WHAT THE TASK ASKS
Write out each line from the data below that includes the word "Product".

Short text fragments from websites
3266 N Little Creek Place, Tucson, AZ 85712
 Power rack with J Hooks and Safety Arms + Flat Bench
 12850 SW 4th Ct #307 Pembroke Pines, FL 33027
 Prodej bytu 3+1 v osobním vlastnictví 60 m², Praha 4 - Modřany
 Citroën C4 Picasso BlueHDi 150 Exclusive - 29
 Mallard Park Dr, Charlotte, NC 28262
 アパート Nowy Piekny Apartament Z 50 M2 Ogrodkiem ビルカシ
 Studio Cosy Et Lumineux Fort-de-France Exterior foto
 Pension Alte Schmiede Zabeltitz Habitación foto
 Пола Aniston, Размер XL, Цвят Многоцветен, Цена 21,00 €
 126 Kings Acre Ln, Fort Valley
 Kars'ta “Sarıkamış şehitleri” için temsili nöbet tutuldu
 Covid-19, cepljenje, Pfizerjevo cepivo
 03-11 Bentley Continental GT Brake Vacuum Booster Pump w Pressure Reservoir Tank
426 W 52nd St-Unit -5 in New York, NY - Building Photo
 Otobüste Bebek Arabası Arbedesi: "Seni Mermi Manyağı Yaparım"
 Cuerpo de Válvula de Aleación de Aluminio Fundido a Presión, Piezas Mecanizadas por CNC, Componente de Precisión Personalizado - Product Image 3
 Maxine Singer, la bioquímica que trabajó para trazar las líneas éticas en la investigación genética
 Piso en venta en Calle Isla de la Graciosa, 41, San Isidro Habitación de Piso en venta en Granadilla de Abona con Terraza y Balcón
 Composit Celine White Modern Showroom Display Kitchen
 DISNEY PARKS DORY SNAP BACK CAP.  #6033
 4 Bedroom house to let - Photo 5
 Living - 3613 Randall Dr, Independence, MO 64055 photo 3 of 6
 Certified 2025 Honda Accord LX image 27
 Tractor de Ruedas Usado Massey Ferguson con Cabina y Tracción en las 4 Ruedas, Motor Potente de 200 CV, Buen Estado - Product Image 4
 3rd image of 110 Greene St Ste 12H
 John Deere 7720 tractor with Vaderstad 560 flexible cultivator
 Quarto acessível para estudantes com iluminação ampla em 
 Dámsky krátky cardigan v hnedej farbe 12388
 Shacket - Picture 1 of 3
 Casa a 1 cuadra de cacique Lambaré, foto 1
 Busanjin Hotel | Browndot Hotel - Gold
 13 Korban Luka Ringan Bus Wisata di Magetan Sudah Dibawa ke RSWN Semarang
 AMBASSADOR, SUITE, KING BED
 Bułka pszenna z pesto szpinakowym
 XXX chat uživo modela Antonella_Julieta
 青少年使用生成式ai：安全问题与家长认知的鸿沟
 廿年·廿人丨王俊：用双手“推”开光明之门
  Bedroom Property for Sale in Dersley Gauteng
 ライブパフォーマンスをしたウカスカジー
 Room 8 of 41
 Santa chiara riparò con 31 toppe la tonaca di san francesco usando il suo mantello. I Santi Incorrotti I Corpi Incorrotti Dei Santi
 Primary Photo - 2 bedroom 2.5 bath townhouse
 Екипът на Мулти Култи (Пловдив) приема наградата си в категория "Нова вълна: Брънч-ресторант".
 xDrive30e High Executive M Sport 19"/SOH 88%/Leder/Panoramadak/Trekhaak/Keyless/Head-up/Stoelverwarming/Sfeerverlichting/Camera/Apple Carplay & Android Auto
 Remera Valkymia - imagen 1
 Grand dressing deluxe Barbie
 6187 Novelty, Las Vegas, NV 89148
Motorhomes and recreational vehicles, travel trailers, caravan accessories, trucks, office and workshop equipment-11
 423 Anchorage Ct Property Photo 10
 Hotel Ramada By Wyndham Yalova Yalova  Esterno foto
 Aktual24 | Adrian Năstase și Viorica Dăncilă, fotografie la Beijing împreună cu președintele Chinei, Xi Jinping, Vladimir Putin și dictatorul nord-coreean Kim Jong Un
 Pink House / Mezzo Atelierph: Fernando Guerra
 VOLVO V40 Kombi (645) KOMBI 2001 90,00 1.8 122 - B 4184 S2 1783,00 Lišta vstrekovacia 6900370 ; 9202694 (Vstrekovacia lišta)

RESPONSE TO THIS TASK
 Cuerpo de Válvula de Aleación de Aluminio Fundido a Presión, Piezas Mecanizadas por CNC, Componente de Precisión Personalizado - Product Image 3
 Tractor de Ruedas Usado Massey Ferguson con Cabina y Tracción en las 4 Ruedas, Motor Potente de 200 CV, Buen Estado - Product Image 4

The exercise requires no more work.